• **Exercise details**:
Images excepted, the data below must be repeated exactly.

• **Information supplied**:
<<<<

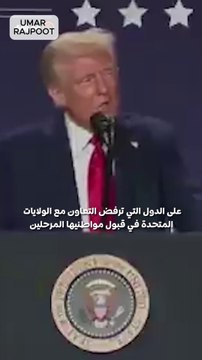 في تصريح قوي أكد رئيس مجلس النواب الأمريكي استعداد الكونجرس لفرض عقوبات صارمة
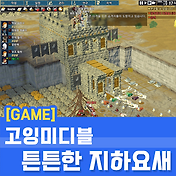 관련글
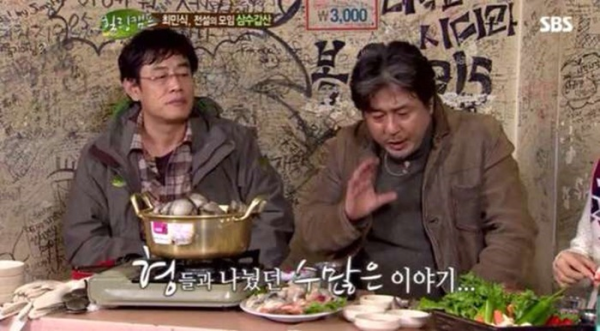image.png 배우 최민식을 열심히 부려먹었던 대학교 선배 배우 최민식을 열심히 부려먹었던 대학교 선배 .jpg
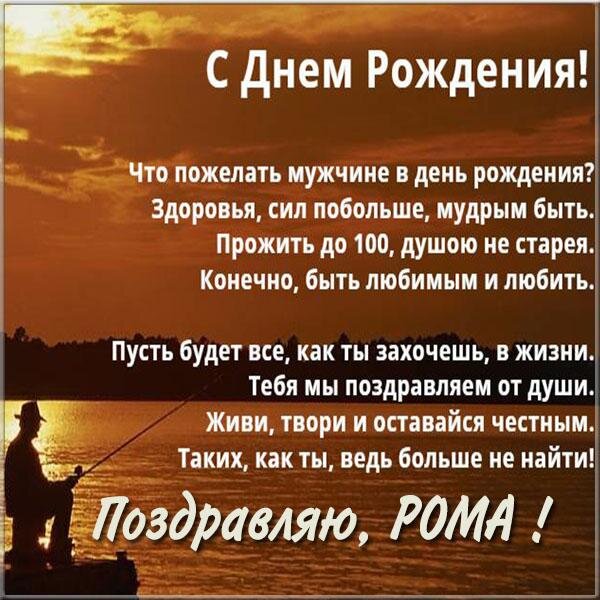 Поздравления с днем рождения любимому мужчине своими словами до слез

>>>>

• **Exercise result**:
 في تصريح قوي أكد رئيس مجلس النواب الأمريكي استعداد الكونجرس لفرض عقوبات صارمة
 관련글
image.png 배우 최민식을 열심히 부려먹었던 대학교 선배 배우 최민식을 열심히 부려먹었던 대학교 선배 .jpg
 Поздравления с днем рождения любимому мужчине своими словами до слез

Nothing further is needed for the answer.